WORK TO COMPLETE: Nothing in the data should change when you return it, but leave the pictures out.

DATA:
--------
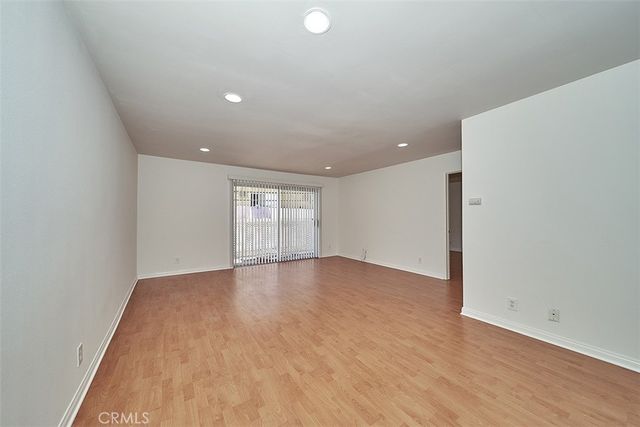433 S Manhattan 213, Los Angeles, CA 90020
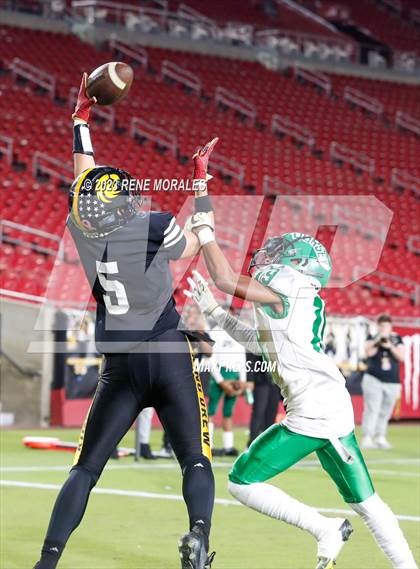 Thumbnail 2 in Dorsey vs King/Drew photogallery.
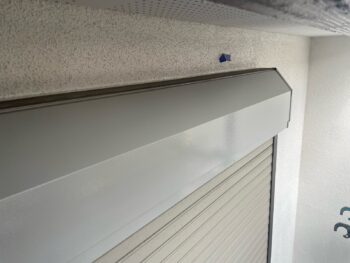 横浜市金沢区Y様邸シャッターボックス塗装施工後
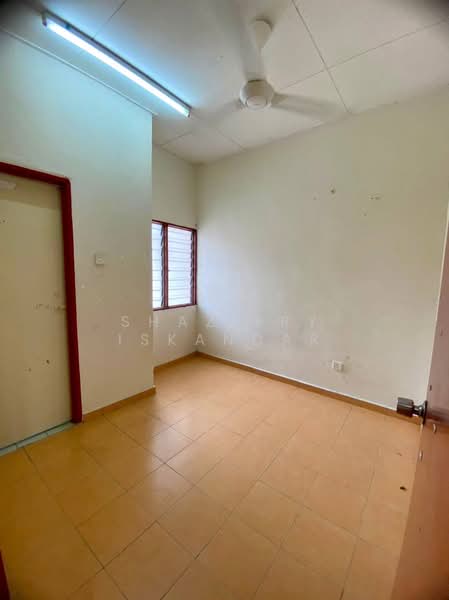 2-storey Terraced House for Sale in Puncak Alam (Selangor) - Shaziery Iskandar - PropertyGuru.com.my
--------
RESULT:
433 S Manhattan 213, Los Angeles, CA 90020
 Thumbnail 2 in Dorsey vs King/Drew photogallery.
 横浜市金沢区Y様邸シャッターボックス塗装施工後
 2-storey Terraced House for Sale in Puncak Alam (Selangor) - Shaziery Iskandar - PropertyGuru.com.my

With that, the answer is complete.